Kruger plays Katja, a German woman marries to a Turkish ex-con Nuri (Acar), and they have a young son Rocco (Santana), but their bliss is smashed to smithereens when Nuri and Rocco are killed by a nail-bomb, as the intended targets by Neo-Nazis, but ensuing police investigation makes heavy weather of Nuri’s immigrant background and his drug-dealing history, a strategy too topical under today’s climates.

Granted, one must hand it to Akin for not white-washing Katja and Nuri’s foibles, she meets him the first time through a drug transaction in college and it is equivocal whether Nuri still conducts some illegal goings-on sub rosa.Consumed with shock, disbelief and inconsolable grief, Katja resorts to narcotics for comfort, another unwise decision that boomerangs in the Justice segment, also coincidentally, Akin employs a gorysuicidal-wrist-slitting-saved-by-a-phone-call happenstance that echoesIldikó Enyedi’s more mystical yarn ON BODY AND SOUL (2017).

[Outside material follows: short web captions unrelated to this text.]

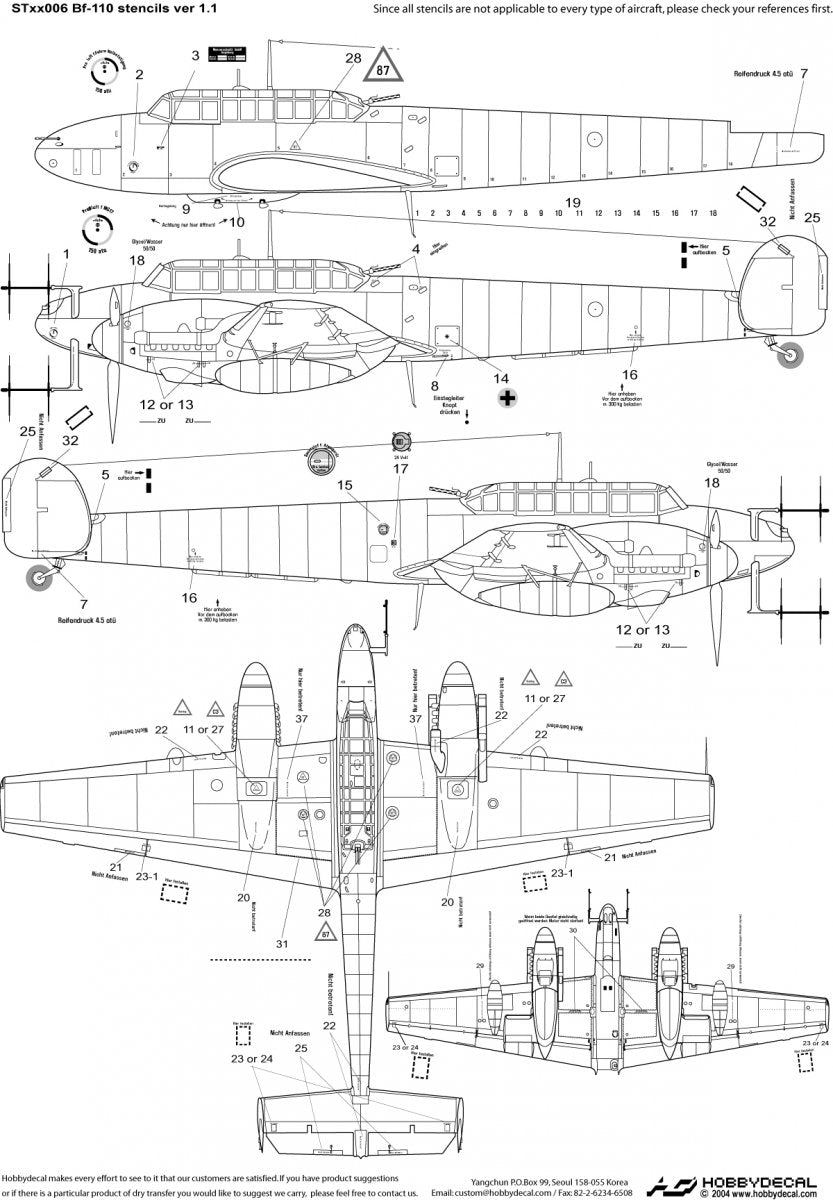 HobbyDecal ST48006V2 Bf-110 Stencils ver 1 1/48 – image 2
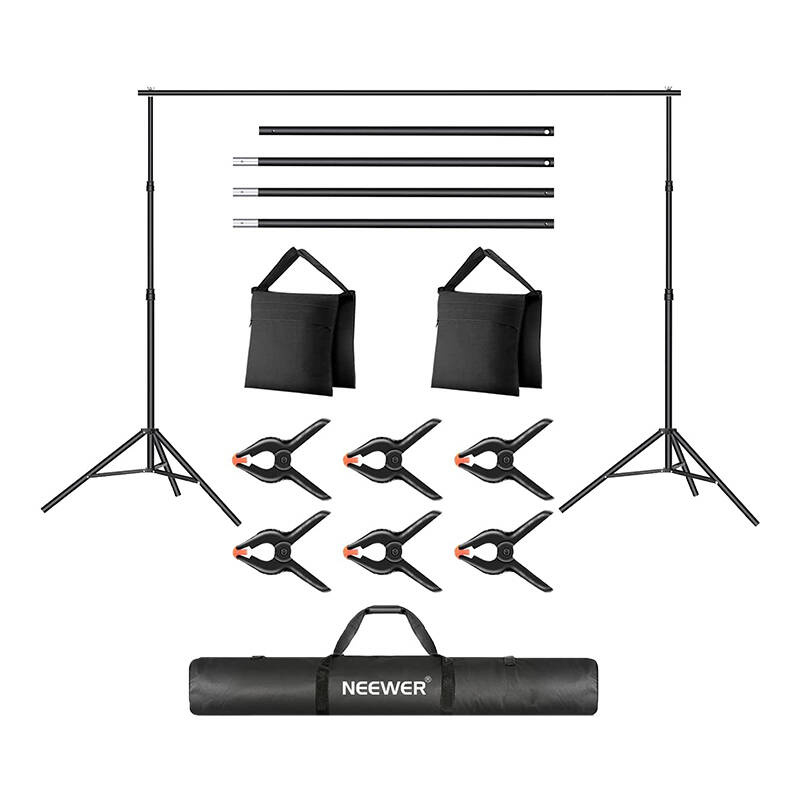 Stativ sfondi Neewer Backdrop Stand Kit, 10ft x 7ft, me kapëse dhe qese rëre, i zi
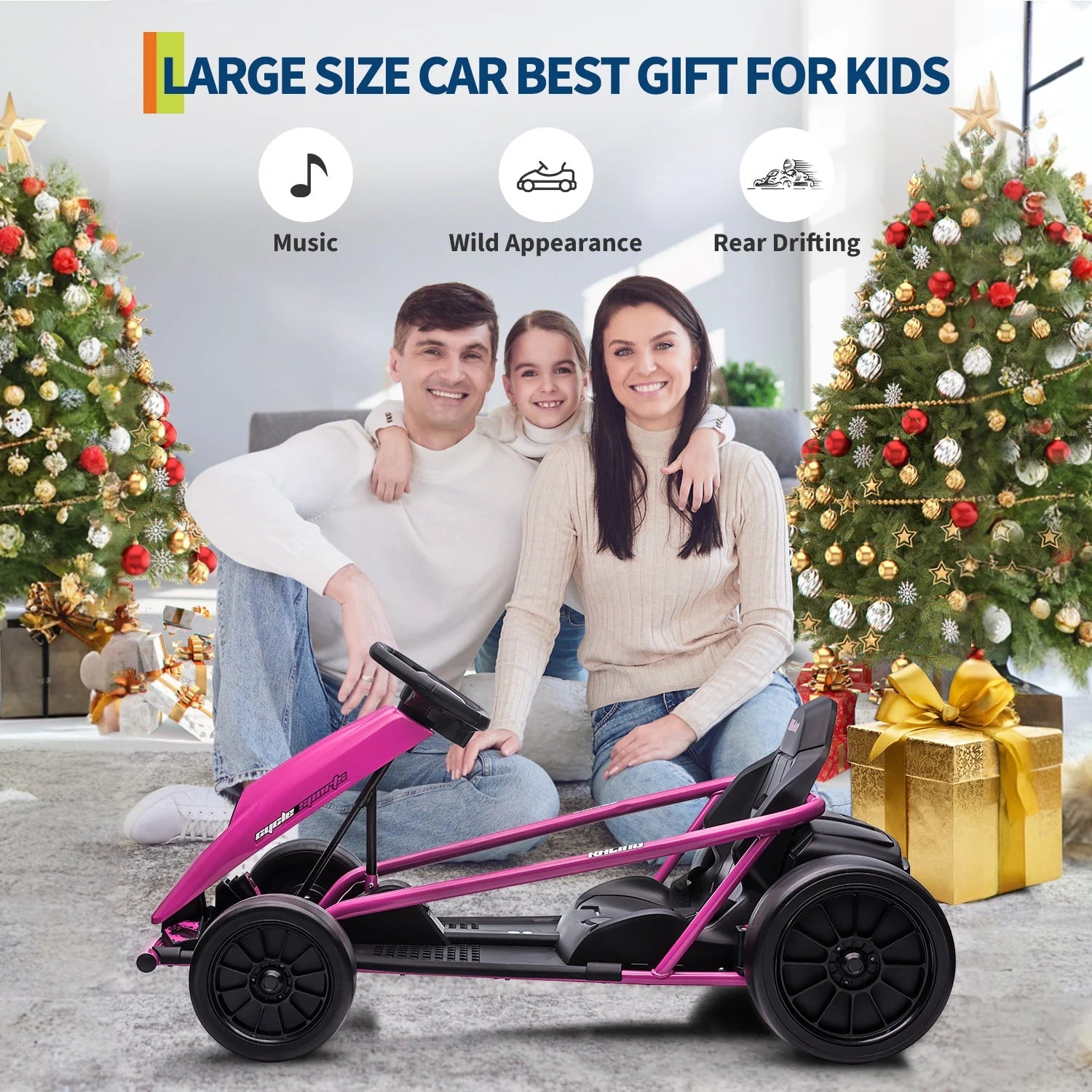 Garvee 24V Elektro-Gokart für Kinder, 2×300W Motoren, Kinder Elektro Drift Kart 8–12, 110×77×54 cm Rosenrot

In the following courtroom drama, even with seemingly ironclad evidences,Katja and her lawyer Danilo (a benignly vociferous Denis Moschitto) still lose the prosecution case against two suspects, one of whom she spots right on the crime scene earlier that day, this is where the story becomes a bit vexing, because of Akin’s blatant intention to show audience how lousy the legal system is, for one thing, he completely eschews the angle of the two suspects, projected as the incarnation of pure evil, they are not even being questioned during the entire trial, only sporadically seen through Katja’s strung-out point-of-view.

Also the two suspects' flimsy alibi provided by a Greek fellow extremist is thoughtlessly skirted around, without doubt it takes more than a doctored hotel record to prove two people's presence in another country during the explosion, but Akin doesn’t care to dwell on that,all leverage is left to Johannes Krisch’s vile defense lawyer to chew the scenery, one wonders how soon he will be summoned by Hollywood to amp up his superb dastardliness.

Finally, the third act spirits us away to a picturesque Greece where Katja traces down the two perpetrators and exacts hertit-for-tat retribution (alarmingly, there must be a do-it-yourself manual of nail-bomb available, presumably on the internet), commendably Akin graces her desperation and intrepidity with meaning pointers (the sight of an alighting bird which changes her initial decision, or that menstruation resumption), and rounds off the film with a poetic ending despite its violent means, the reverberations are appreciable.

A tour-de-force from Ms. Kruger must be ranked among any year’s-best list, a grueling task that she takes it to herself in devoting all her body and soul through the unimaginable fire and brimstone with conviction, verve and unstinting sympathy, as she clearly realizes that the film lives and dies with her portrayal as the sole pillar of the narrative, the upshot is arresting, powerful through and through, Cannes' BEST ACTRESS laurels are definitely not for nothing.

referential entries: Akin’s THE EDGE OF HEAVEN (2007, 7.9/10), HEAD-ON (2004, 8.1/10).